Pierre Kroll ajoute : « Et l’on mesure à peine comment l’activité humaine, cette fois pas du tout naturelle, vient à son tour bouleverser cette soupe de chaos complexe et très organisée, même quand elle pense bien faire. En France, la réintroduction des loups a complètement changé le paysage : les loups mangent des cerfs et des bichesqui eux-mêmes mangeaient les jeunes pousses des arbres, qui commençaient alors à devenir plus fortes et plus hautes, au point de détourner le lit d’une rivière, etc. L’homme est aussi, avant tout, créateur du chaosAvec le réchauffement climatique, nous sommes en plein dedans. Un Pierre Kroll qui prenait visiblement un plaisir énorme à dessine tous ces animaux étranges ce qui change un peu des politiciens en chemise qu’il dessine tous les jours. « Une vraie récréation jubilatoire. Je ne sais pas comment je dois la prendre : mon éditeur m’a dit : » Voilà, je sens vraiment que tu as aimé dessiner”! » Le livre dégage en fait un plaisir évidentque le duo compte prolonger. Avec un deuxième volume qui se concentrera principalement sur les chercheurs et leur façon de chercher puis de trouver ! Qu’aurait-il pu arriver, par exemple, au scientifique qui s’intéressait à l’heure de miction du wombat et sa capacité à chier des cubes? »

En attendant, une question fondamentale demeure : ce qui reste de l’homme s’il n’a plus le privilège du rire, de la conscience, de la beauté ou de l’hypocrisie ? Les deux amis répondent par une pirouette digne de la gazelle de Thompson (qui, face à un prédateur, se met à sauter et à danser frénétiquement pour le convaincre qu’elle est un peu folle et immangeable – et ça marche !) : « Un climatologue m’a dit un jour que les chimpanzés ne savaient pas écrire de poèmes d’amour. Je lui ai répondu que peut-être nous ne les avions tout simplement pas encore découverts.s’amuse Pierre Kroll.
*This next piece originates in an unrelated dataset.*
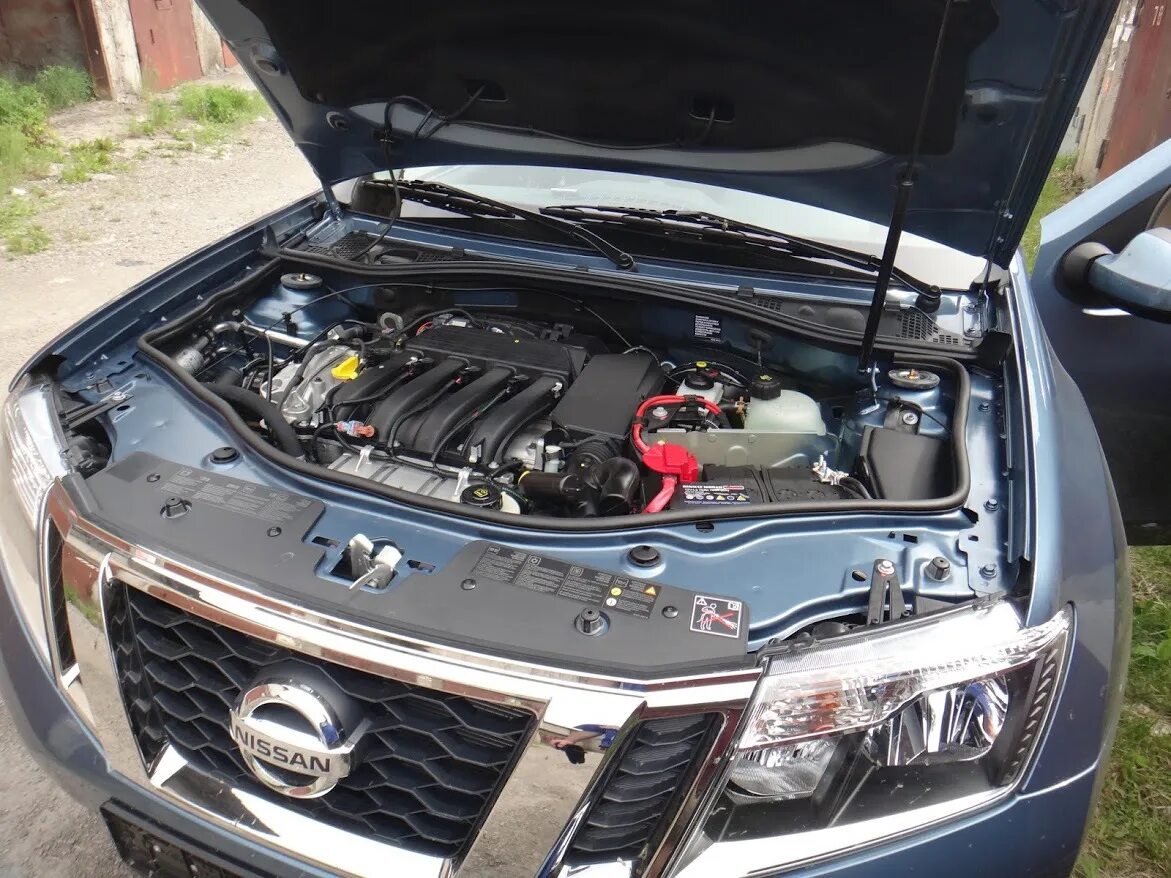 Ниссан террано под капотом фото Уплотнитель капота - Nissan Terrano III, 2 л, 2015 года аксессуары DRIVE2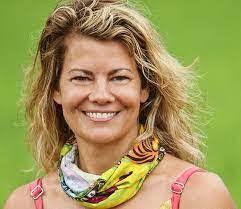 Linda Tugwell's Instagram, Twitter & Facebook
Vinciane Despret, non moins amusée, ajoute et conclut par une citation de Bruce Bagemihl, l’auteur de Exubérance biologiquequi a d’abord souligné l’omniprésence de l’homosexualité dans la nature: ” La seule chose qui pourrait être la La caractéristique de l’homme est la tendance aux généralisations hâtives.” .

Dieu, Darwin, tout et n’importe quoi ****

de Vinciane Despret et Pierre Kroll, éditions Les Arènes, 192 pages.